La vida teologal constituye el clima espiritual, la atmósfera habitual de una alma que se ofrece a la Trinidad: de la mirada constante sobre Dios, por la fe, orientando hacia Él el corazón por la esperanza, resulta el alma transformada más y más en Dios por el amor. “Sobrepasando todas las cosas visibles, el alma ha establecido en Dios su morada, en comunión con las Tres Personas Divinas, habitando con Ellas en una misma vida de luz, de amor y de alegría”. (B.XVI). Esta fe contemplativa, eminentemente práctica, guía su acción y le descubre el sentido divino de todos los acontecimientos del mundo, de los más pequeños detalles de su vida. No se detiene en las causas segundas. Iluminada por el Espíritu Santo, por los dones de inteligencia, de ciencia y de sabiduría, todo lo juzga a la luz de Dios, con la mirada de la Trinidad.

El alma no mira a lo terreno. Todo pasa. Camina  hacia lo eterno con el deseo único de perderse  en Dios y de gozar allí de la Trinidad en la unidad. Apoyada en la Omnipotencia protectora de Dios, avanza, con un alma de eternidad, “en un abandono total, sin inquietud ni pereza, deseosa de realizar, día a día, todo el bien, grande o pequeño, que está en su poder, ansiosa únicamente de la gloria del Padre, con la alegre libertad y la confianza sin límites de los verdaderos hijos de Dios”. (Teresa de Lisieux).

Por encima de todo, el alma vive de amor. No busca los éxtasis sino la voluntad de Dios, una perfecta conformidad a sus designios, el don total de sí y de sus bienes. Todo está en ella consagrado a Dios, a su mayor gloria, a la extensión de su reinado. Va más allá de lo finito.
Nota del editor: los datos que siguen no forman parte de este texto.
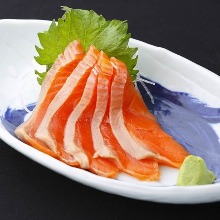 Salmon sashimi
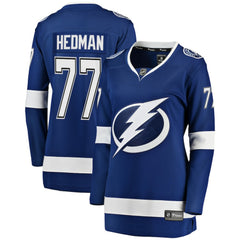 Victor Hedman Tampa Bay Lightning Fanatics Women's Breakaway Player Jersey - Blue Jerseys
Vive de Dios, en el “amor puro, pero sobre la cruz”. El amor puro no es lo extraordinario sino “la intimidad de todos los instantes con Dios, sin que venga nada a distraer el alma de su oficio de amar”. (Teresa de Lisieux). No busca más, se adhiere sin reservas a todos los quereres de Dios, sin más afán que el de darle amor y de trabajar a través de todas las cosas, como Cristo, por la gloria del Padre. “Su ideal es la oblación, el don de sí por amor”. Así lo han hecho los santos. Pensemos en Carlos de Foucauld o en Teresa de Lisieux. Francisco de Sales, etc., Teresita decía: “He encontrado mi vocación en la iglesia: mi vocación es el amor”. Querría ver que el amor abraza a todo y que todos los seres proclaman la “alabanza de gloria” de la Trinidad. (cf. Ef. 1,12-14). Sueña con participar en todos los sufrimientos de Cristo para salvar al mundo con él; oblación por la iglesia con Cristo. Así vivió Teresita su vida, su enfermedad, su agonía, su muerte. o mejor dicho, “su entrar en la vida”.
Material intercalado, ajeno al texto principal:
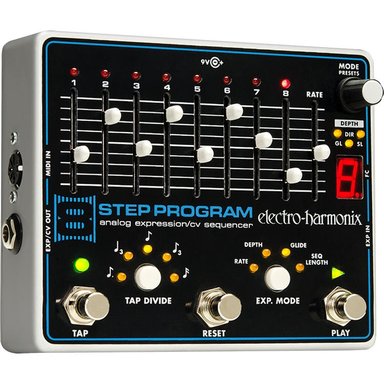 ACCESORIO INSTRUMENTOS MUSICALES ELECTRO-HARMONIX 8-STEP PROGRAM ANALOG EXPRESSION/CV SEQUENCER PEDAL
Este ideal sublime debe realizarse en la práctica cotidiana de la vida. Si las virtudes teologales conservan al alma en la vida inmutable, en comunión con las Tres Divinas Personas, las virtudes morales le permiten, a través de todas las cosas, obrar lo eterno, realizar la verdad en el amor. Entramos en su misterio inefable y tremendo, y él entra en nuestra pobre y mísera vida. Se trata de una mutua inmanencia. ¡Mirabile comertium!, admirable intercambio, decía S. Agustín.
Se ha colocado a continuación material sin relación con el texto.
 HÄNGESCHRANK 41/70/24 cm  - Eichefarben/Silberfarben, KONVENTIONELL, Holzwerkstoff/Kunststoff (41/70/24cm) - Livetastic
Por lo demás, toda la vida cristiana, que comienza con el santo bautismo, y  hasta el final con la unción de enfermos antes de nuestra partida de este mundo, igual que todo el culto que tributamos a Dios, será siempre en el nombre del Padre, del Hijo y del Espíritu Santo.

De allí que la Doxología mayor de la Eucaristía, sea el Gloria perfecto, el momento más solemne de la Misa: «Por Cristo, con él y en él, a ti Dios Padre Omnipotente, en la Unidad del Espíritu Santo, todo honor y toda gloria, por los siglos de los siglos».